Su fútbol y mi radio

Como no podía ser de otro modo, en la gresca por el diezmo que le quieren imponer a las radios por transmitir los partidos de fútbol, mi corazón está con los que se dejan la garganta y nos hacen soñar las jugadas de un modo en que jamás las veríamos en el campo. Sentimentalmente, no puedo pertenecer a otro bando que a ese, que es el mío no sólo porque yo también soy de la especie de los piadores hercianos, sino porque desde antes de la primera papilla mi vida ha pendido siempre de las ondas. Sin embargo, mucho me temo que en estas líneas me toque ejercer de desertor de mi mismo, porque el puñetero sentido crítico que también va de serie con mi oficio y mi adiestramiento me dice que la razón no está de nuestro lado.

Me ha dolido escribirlo, pero ya que el obús está lanzado, sigo con la apostasía. Resulta que por mucho que nos empeñemos, y aunque curse como opio del pueblo, el fútbol no es de todos. Ni siquiera es propiedad de los que pagan un riñón por un abono anual o el dedo meñique por una entrada. Ni de los contribuyentes que financian estadios o reflotan equipos para que a los políticos no les monten el motín de Esquilache. Qué va: es de quien lo adquirió —a cambio de un pastón, por cierto— a unos subasteros que creían estar dando el pelotazo del milenio. Luego, se fundieron las ganancias en un chispún y volvieron a quedarse a dos velas. Pero ese tema es de otro parcial.
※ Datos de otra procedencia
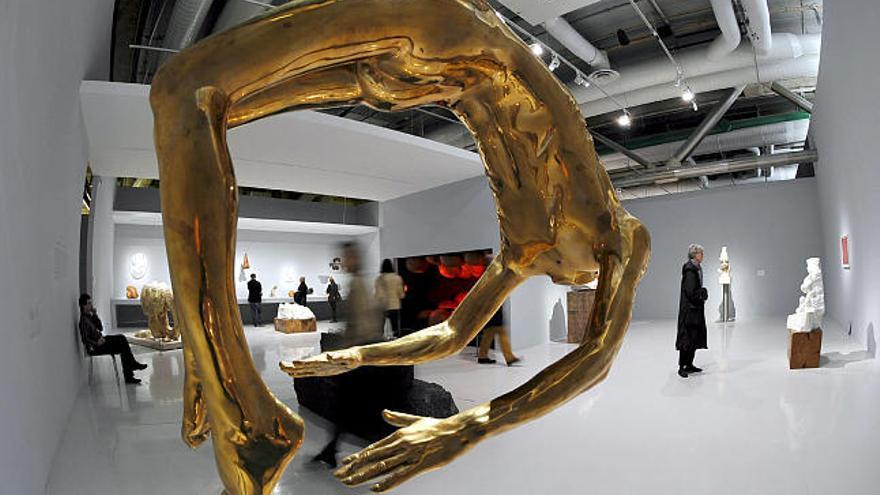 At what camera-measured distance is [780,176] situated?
21125 mm

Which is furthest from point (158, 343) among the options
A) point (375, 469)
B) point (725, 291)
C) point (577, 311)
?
point (725, 291)

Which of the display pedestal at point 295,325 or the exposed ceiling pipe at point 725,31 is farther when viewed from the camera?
the display pedestal at point 295,325

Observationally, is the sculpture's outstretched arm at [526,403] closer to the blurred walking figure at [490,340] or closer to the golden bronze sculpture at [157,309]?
the blurred walking figure at [490,340]

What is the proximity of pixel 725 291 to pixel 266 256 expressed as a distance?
39.2ft

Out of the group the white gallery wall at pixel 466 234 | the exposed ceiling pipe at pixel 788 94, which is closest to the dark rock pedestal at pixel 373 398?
the white gallery wall at pixel 466 234

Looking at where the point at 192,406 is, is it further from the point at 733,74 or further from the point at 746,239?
the point at 746,239

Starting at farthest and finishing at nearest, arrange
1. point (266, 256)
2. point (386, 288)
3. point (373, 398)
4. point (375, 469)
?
1. point (266, 256)
2. point (386, 288)
3. point (373, 398)
4. point (375, 469)

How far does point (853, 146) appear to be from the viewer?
23.1 feet

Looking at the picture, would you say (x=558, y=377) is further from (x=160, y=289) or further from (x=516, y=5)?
(x=160, y=289)

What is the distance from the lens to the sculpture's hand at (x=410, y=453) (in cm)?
64

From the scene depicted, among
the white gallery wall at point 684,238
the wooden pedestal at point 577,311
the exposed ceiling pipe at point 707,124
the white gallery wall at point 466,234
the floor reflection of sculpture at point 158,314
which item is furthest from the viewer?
the exposed ceiling pipe at point 707,124

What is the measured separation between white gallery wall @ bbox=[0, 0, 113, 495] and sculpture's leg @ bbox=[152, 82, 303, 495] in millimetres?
2215

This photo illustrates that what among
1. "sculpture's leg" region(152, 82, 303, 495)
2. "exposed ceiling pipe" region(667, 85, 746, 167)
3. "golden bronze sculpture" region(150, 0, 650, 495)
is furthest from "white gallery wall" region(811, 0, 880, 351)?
"sculpture's leg" region(152, 82, 303, 495)

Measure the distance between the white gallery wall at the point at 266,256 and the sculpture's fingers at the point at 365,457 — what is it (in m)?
12.2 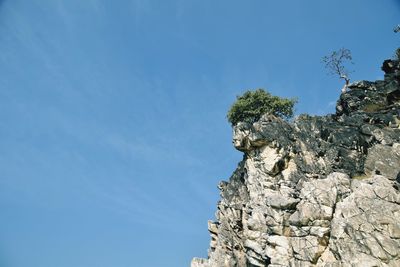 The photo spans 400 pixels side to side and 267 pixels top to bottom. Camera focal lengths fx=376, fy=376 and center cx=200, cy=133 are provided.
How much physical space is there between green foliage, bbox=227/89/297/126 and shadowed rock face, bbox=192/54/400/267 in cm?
1636

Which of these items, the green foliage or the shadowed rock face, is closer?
the shadowed rock face

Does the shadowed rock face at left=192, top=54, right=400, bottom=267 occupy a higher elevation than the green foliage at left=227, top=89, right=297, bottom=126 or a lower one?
lower

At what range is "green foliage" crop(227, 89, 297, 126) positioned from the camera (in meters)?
80.8

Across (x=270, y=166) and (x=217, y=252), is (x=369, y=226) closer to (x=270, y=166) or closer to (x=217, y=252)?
(x=270, y=166)

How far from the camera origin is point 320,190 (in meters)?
46.1

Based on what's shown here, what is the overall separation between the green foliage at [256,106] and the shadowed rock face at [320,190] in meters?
A: 16.4

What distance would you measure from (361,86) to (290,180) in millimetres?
24280

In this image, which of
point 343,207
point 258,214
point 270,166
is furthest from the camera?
point 270,166

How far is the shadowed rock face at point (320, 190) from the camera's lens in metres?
40.6

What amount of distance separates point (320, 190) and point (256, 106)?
125ft

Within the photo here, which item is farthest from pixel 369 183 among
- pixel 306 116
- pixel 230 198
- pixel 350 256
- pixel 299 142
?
pixel 230 198

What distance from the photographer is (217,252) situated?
62312 millimetres

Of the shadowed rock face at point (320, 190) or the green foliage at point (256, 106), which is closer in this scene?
the shadowed rock face at point (320, 190)

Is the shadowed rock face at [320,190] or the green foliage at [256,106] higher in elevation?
the green foliage at [256,106] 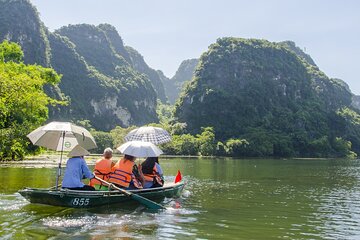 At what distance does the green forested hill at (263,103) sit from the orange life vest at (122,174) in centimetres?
10694

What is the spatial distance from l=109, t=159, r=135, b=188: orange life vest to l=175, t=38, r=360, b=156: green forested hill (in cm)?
10694

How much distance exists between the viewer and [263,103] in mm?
160000

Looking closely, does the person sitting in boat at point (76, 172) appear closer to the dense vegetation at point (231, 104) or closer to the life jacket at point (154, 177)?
the life jacket at point (154, 177)

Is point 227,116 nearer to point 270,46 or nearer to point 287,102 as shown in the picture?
point 287,102

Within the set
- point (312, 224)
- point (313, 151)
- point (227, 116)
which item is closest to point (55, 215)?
point (312, 224)

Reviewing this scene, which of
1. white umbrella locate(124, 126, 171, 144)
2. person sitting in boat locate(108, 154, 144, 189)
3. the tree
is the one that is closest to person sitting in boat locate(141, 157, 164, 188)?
white umbrella locate(124, 126, 171, 144)

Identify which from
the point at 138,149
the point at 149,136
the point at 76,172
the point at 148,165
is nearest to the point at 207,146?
the point at 149,136

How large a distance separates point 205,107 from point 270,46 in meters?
53.9

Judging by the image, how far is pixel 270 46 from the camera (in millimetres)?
186375

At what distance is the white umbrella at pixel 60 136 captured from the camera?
14.6m

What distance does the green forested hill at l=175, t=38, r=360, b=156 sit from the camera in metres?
136

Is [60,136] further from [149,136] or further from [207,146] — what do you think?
[207,146]

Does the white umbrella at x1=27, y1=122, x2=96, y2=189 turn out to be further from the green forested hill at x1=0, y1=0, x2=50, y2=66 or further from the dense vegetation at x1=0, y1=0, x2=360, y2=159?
the green forested hill at x1=0, y1=0, x2=50, y2=66

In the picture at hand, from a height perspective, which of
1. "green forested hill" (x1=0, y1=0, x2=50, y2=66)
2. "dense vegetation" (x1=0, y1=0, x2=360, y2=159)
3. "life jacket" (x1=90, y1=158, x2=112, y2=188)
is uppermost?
"green forested hill" (x1=0, y1=0, x2=50, y2=66) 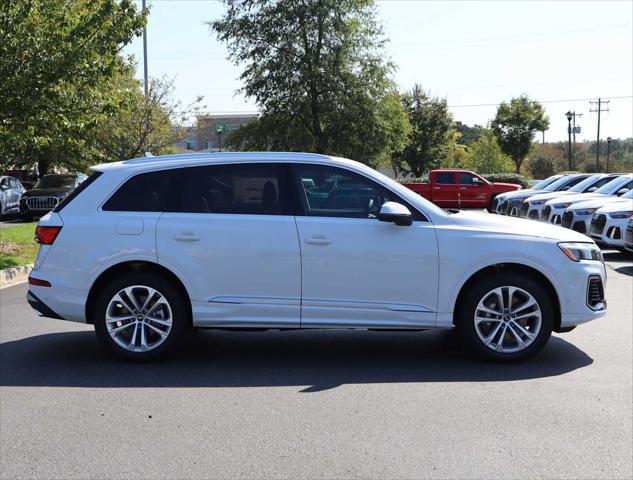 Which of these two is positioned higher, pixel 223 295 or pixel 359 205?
pixel 359 205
La lección que nos preocupa ahora es que aunque la inercia nos lleve a tratarlo como deporte, en realidad estamos hablando de un negocio. Y ahí hemos topado con la ley de la oferta y la demanda, que es puñetera y hasta cruel, pero simple: esto tengo, esto cuesta. En ese pulso están las emisoras y, volviendo a mi trinchera, creo que deberían mantenerlo. En el camino pueden descubrir que la transmisión in situ no es imprescindible para que funcionen los programas habituales. Les saldrían, incluso, más baratos.